*** Opening of RECORDED DATA ***

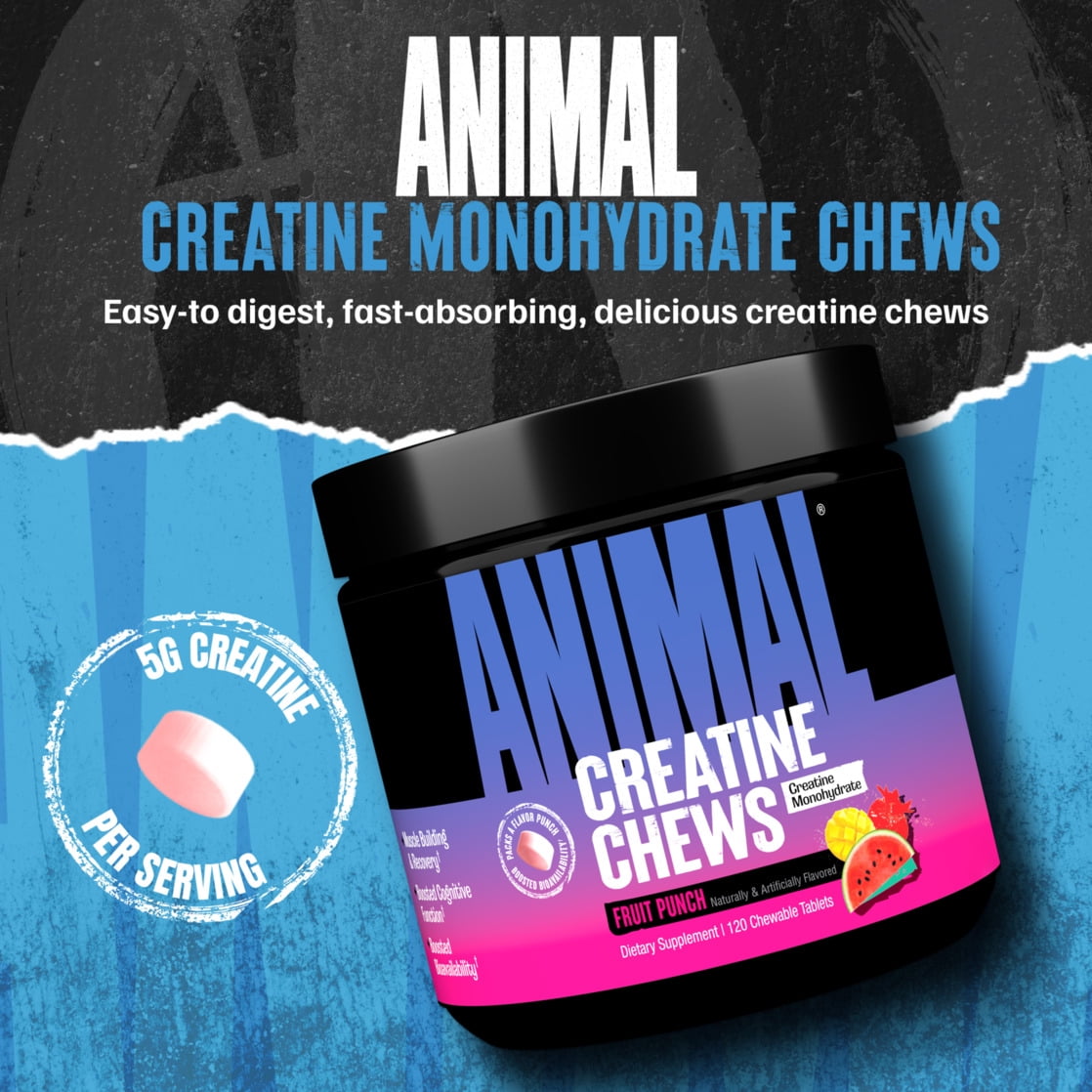 Animal Creatina Masticable Ponche De Frutas 30 Piezas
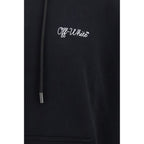 Off-White black cotton sweatshirt with logo print, showcasing a casual fit and stylish streetwear design.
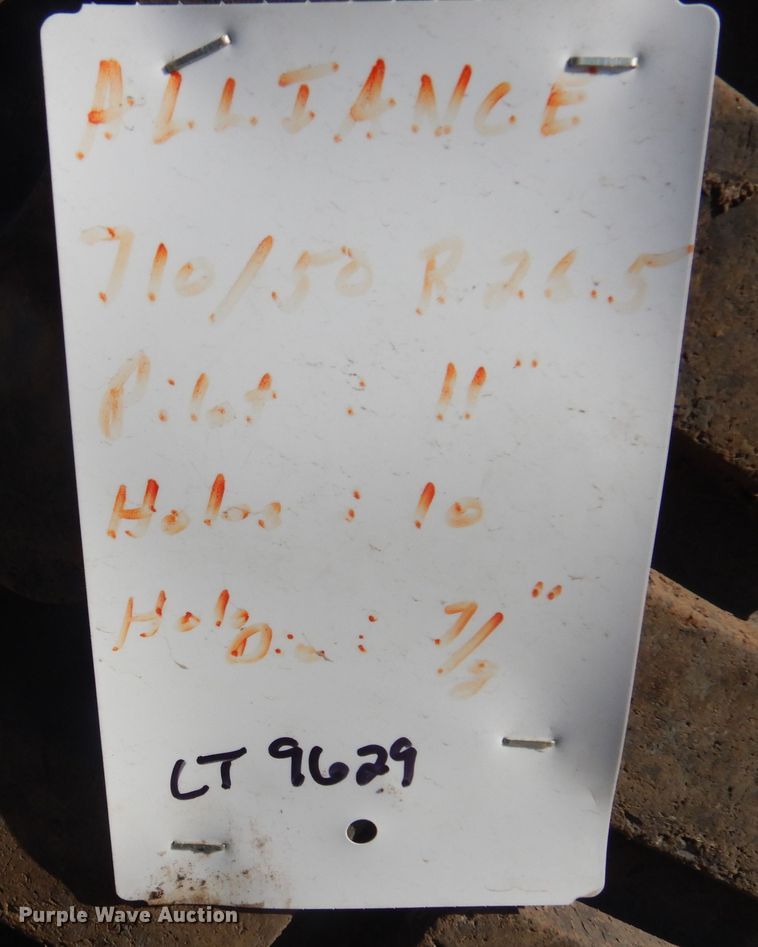 image for item LT9629 (2) Alliance 710/50R26.5 tires and wheels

*** Close of RECORDED DATA ***

**EXERCISE BRIEF**: Would you retype the listing above exactly, omitting its pictures?

**RESPONSE AREA**:
 Animal Creatina Masticable Ponche De Frutas 30 Piezas
 Off-White black cotton sweatshirt with logo print, showcasing a casual fit and stylish streetwear design.
 image for item LT9629 (2) Alliance 710/50R26.5 tires and wheels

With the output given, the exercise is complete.